Bargain bins at cactus shows in the Valley can yield issues of the Czech journal Kaktusy, from the 1980s, out-of-print books on the euphorbias of Africa, or a hand-typed field guide to the cacti of Baja. To us — members of a younger generation of collectors accustomed to relying on the resources available online — this printed material was a fascinating relic, a view into a past world. After opening the Cactus Store, in Los Angeles, we became increasingly captivated by this material. We acquired what we could, and as our library expanded we were continually struck by a certain type of photography that we weren’t accustomed to seeing.
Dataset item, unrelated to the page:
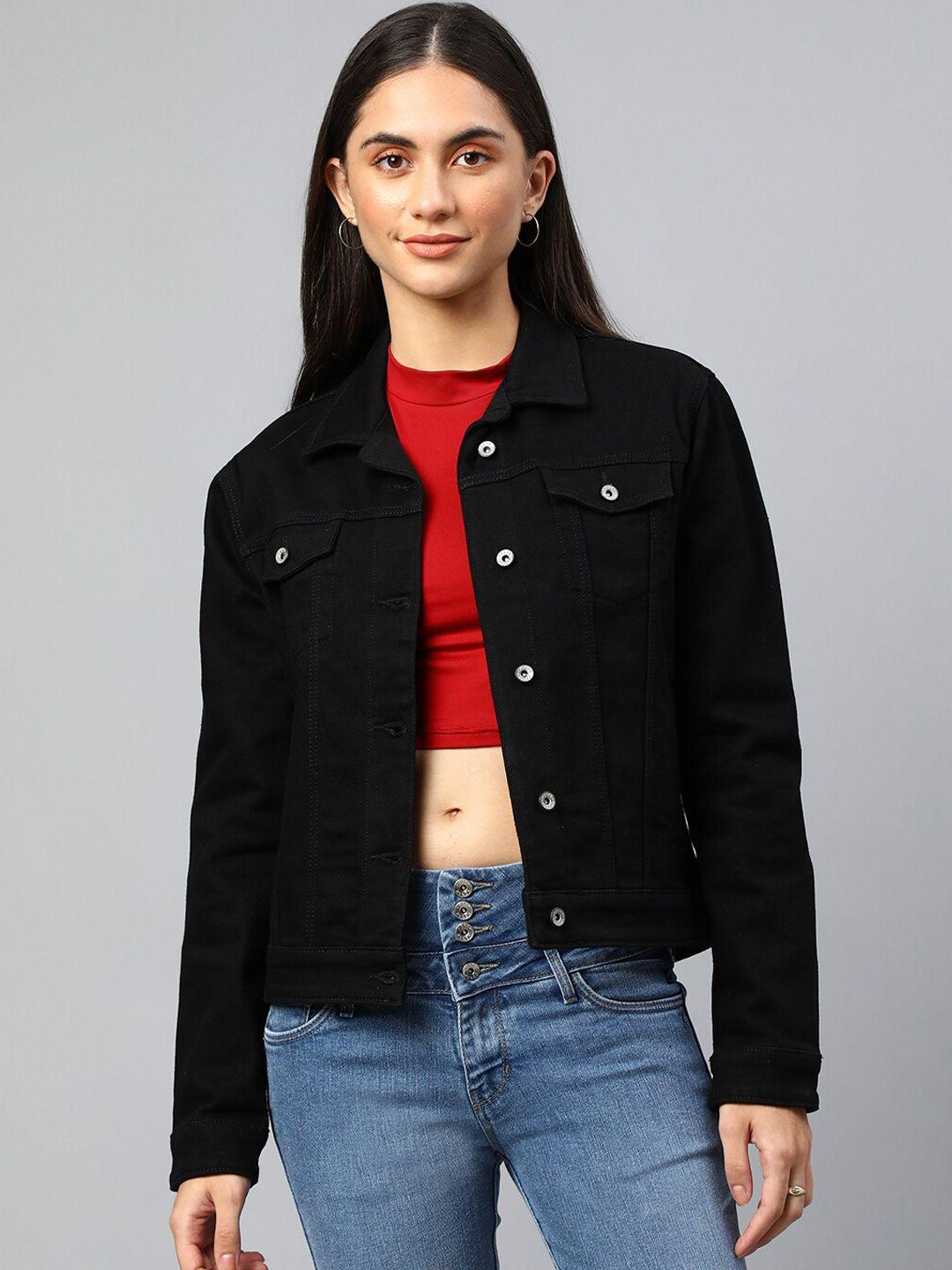 xpose women black lightweight denim jacket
These weren’t the usual photos of perfect show plants in a greenhouse, a saguaro lit by a blazing sunset, or a slick studio shot of an obscenely flowering Echinopsis. What we became captivated by, and what we found to be far more beautiful and true, were documentary photographs of cacti in their native environments, the often improbable landscapes where these plants grow wild. Seeing an image of a 15-foot-tall Browningia candelaris living in a habitat that is Earth’s closest equivalent to Mars, its trunk thickly covered in spines, topped with a crown of twisted, rust-red branches, will quickly make you realize that the six-inch green juvenile you’ve been caring for — and watching grow at a glacially slow pace — is a long, long way from home. Xerophile: Cactus Photographs from Expeditions of the Obsessed is made up of these images, hundreds of them, which we have spent the past two years tracking down.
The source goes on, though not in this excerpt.